Bastable : Ces dernières années, tes activités se sont diversifiées, avec le jeu de plateau – l’age des Dieux – et le jeu à figurines. Aujourd’hui d’ailleurs, tu es en train de travailler sur la finalisation d’un jeu à figurines très ambitieux. Peux-tu nous en dire plus sur l’esprit de ce jeu?

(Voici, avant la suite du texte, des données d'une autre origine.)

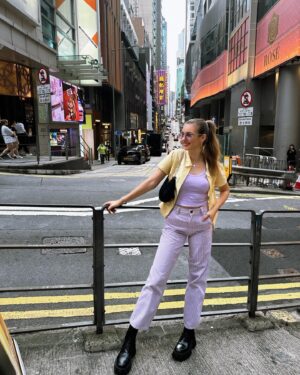 Nelly Řehořová Instagram - Thank you for the amazing opportunity to sing at the @makemusichk festival in Hong Kong. 🎤 It was an unforgettable experience for me, full of incredible energy and wonderful people. 🫰🏼 I enjoyed it immensely and look forward to more opportunities like this. ✨ Big thanks to the @consulategeneralczhk who made this great moment possible. 🙏🏼 #gig #hongkong #fringeclub #makemusic #festival #china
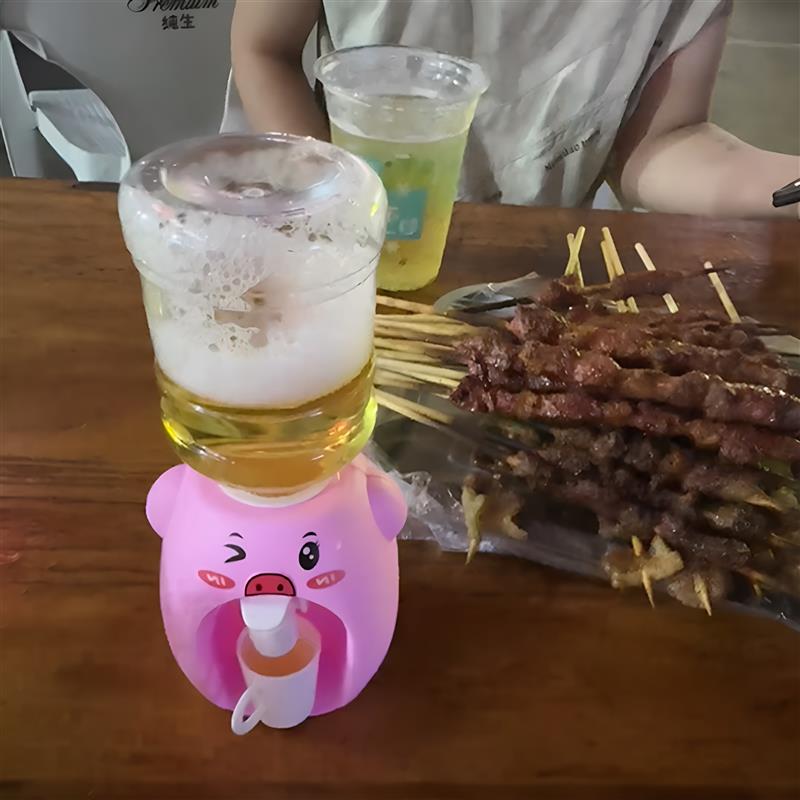 趣味倒酒饮水机整蛊玩具聚会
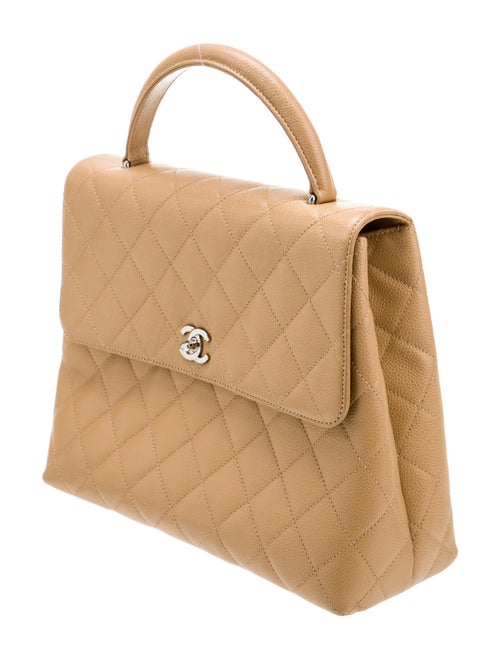 Chanel Caviar Kelly Flap Bag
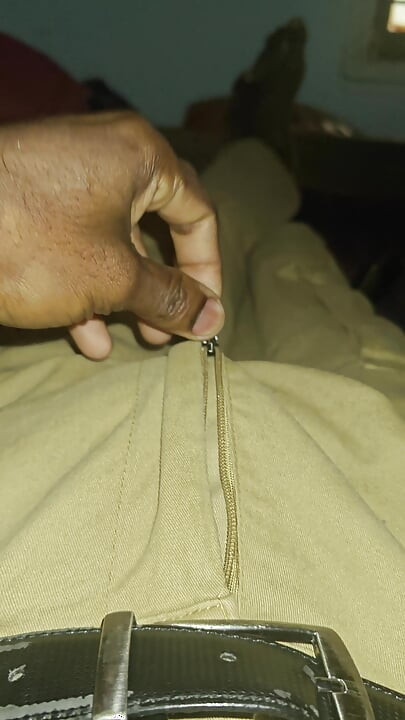 Mallu boy dick under tha pant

Croc : Hell Dorado, puisque c'est son nom, est un jeu d'escarmouche (pas plus de 10 figurines par camp) qui se déroule en enfer mais le rapport avec INS/MV est très lointain. Le jeu se déroule pendant la guerre de 30 ans, moment où un portail s'ouvre sur les enfers. Prenant contre-pied les scénarios habituels, ce sont les humains qui vont conquérir les enfers et pas les démons la Terre. Bon, forcément, là-bas, ça se passe un peu plus mal qu'avec Christophe colomb plusieurs dizaines d'années avant... Le background sera autant historique que fantastique et le look du bouquin de base devrait plonger les joueurs dans un univers glauque et déprimant.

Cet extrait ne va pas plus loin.